Chaotic elections

People who had trouble finding the electoral department they will vote in, not to mention the thousands who discovered that they are not listed in any of the voting registers or that they will have to travel to distant polling stations, have all been upset by the changes in the election procedure. What is the point of modernizing the process, they ask, if abolishing the voting papers means having yet more problems? It should be remembered here that the goal of this change is not simply to abolish voting papers but to update election registers, to make sure the municipality where people vote is the municipality in which they live, and to enable those who have come of age to directly exercise their right to vote without having to undergo any additional procedures, and, finally, to progress toward a national municipal register. Reforming the system is not some absurd goal. Rather, it aims to rationalize the entire process. This reminder might well rub salt in the wounds. After all, the legislation that provided for all these significant changes was passed four years ago. It should have been implemented in the 2000 national elections but it was decided that two years was not enough to change the system. Today, four years later, snags are said to be unavoidable while the State and municipalities engage in a mutual blame game. But how many people are convinced by excuses about the costly polling cards that were issued, advertised and distributed only to turn out to be unnecessary?
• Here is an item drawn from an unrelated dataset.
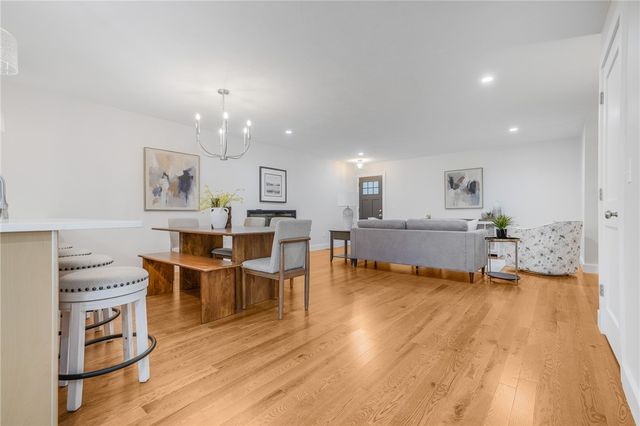 7 Trinity Way, Johnston, RI 02919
Or about the fact of thousands of people not being registered at all, about the multiple entries of thousands of voters, clearly a result of the failure of municipalities to remove the names of their former residents? Or about the huge inflation of the total number of voters in the supposedly updated voting lists – unless one counts small children? Or about the self-evident fact that thousands of voters were randomly divided up among the various electoral departments and now have to vote miles away from home? The large number and the nature of the problems show that the blame lies with both the State and the local authorities. The current mess is not due to isolated errors but to constant indifference to what may seem a procedural matter but is, in fact, the authorities’ job. Faced with the consequences, citizens have every right to demand an explanation – not in order to take legal action but to be able to judge their leaders.